Short text fragments from websites:
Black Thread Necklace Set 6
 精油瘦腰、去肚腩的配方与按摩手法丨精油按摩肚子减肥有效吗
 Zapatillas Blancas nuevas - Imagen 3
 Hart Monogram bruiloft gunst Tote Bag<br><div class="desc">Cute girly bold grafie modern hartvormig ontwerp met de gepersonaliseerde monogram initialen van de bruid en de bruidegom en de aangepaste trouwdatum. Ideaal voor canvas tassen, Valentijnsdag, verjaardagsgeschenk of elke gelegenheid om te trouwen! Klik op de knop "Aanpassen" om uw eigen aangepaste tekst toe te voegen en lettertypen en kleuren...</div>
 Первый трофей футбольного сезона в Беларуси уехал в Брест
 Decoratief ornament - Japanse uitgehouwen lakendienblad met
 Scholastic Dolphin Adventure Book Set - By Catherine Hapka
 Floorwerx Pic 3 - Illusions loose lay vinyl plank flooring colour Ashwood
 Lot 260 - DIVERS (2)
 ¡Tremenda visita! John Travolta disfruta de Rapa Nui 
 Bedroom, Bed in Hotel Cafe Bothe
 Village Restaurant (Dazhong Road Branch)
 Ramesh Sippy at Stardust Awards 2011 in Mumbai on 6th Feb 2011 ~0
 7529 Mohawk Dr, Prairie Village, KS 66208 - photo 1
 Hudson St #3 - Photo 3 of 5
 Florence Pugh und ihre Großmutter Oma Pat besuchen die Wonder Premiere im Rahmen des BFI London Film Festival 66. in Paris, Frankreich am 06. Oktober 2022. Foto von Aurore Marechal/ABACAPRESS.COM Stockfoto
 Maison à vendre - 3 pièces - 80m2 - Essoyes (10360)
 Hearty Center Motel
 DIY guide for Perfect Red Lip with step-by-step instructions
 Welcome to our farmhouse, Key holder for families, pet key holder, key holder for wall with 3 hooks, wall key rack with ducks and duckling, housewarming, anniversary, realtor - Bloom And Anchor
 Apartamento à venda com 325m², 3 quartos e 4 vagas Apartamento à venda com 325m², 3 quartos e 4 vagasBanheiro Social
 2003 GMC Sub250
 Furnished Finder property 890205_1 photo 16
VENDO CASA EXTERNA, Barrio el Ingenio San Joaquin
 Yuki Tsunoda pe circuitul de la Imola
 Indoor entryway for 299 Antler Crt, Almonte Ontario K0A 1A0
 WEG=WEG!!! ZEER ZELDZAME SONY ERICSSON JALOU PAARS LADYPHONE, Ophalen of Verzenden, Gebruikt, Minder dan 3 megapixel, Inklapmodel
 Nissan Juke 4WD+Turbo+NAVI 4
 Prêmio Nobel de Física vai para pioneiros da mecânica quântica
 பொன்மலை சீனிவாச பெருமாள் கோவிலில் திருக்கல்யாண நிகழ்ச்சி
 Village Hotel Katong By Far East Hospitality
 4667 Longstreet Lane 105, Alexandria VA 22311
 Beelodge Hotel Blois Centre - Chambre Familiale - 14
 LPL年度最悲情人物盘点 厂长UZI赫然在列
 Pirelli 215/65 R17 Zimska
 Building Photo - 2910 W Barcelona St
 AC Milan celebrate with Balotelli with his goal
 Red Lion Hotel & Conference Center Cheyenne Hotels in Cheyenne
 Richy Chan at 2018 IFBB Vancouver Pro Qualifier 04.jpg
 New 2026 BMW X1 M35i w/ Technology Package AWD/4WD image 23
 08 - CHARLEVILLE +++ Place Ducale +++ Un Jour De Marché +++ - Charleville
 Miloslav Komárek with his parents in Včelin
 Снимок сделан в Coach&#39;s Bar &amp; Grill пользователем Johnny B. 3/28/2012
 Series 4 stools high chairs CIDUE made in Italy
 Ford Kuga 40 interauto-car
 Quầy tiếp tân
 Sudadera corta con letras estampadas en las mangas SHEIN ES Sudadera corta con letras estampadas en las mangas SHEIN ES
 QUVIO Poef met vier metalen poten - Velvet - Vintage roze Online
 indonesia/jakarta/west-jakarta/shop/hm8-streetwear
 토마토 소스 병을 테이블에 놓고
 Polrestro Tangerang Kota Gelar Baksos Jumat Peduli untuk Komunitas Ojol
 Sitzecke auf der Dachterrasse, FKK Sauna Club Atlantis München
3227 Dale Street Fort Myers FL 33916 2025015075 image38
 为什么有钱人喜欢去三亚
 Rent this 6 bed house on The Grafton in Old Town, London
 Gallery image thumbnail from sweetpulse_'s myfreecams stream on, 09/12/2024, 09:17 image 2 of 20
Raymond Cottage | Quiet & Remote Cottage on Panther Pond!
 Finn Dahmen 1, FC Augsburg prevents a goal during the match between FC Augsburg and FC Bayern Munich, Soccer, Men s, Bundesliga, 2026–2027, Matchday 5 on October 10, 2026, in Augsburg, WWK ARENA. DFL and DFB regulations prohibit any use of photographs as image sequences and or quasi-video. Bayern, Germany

=== What the exercise asks ===
If a line falls between the first line of the records and the line containing "Lot 260 - DIVERS (2)", inclusive, repeat it exactly; leave out all others.

=== Response ===
Black Thread Necklace Set 6
 精油瘦腰、去肚腩的配方与按摩手法丨精油按摩肚子减肥有效吗
 Zapatillas Blancas nuevas - Imagen 3
 Hart Monogram bruiloft gunst Tote Bag<br><div class="desc">Cute girly bold grafie modern hartvormig ontwerp met de gepersonaliseerde monogram initialen van de bruid en de bruidegom en de aangepaste trouwdatum. Ideaal voor canvas tassen, Valentijnsdag, verjaardagsgeschenk of elke gelegenheid om te trouwen! Klik op de knop "Aanpassen" om uw eigen aangepaste tekst toe te voegen en lettertypen en kleuren...</div>
 Первый трофей футбольного сезона в Беларуси уехал в Брест
 Decoratief ornament - Japanse uitgehouwen lakendienblad met
 Scholastic Dolphin Adventure Book Set - By Catherine Hapka
 Floorwerx Pic 3 - Illusions loose lay vinyl plank flooring colour Ashwood
 Lot 260 - DIVERS (2)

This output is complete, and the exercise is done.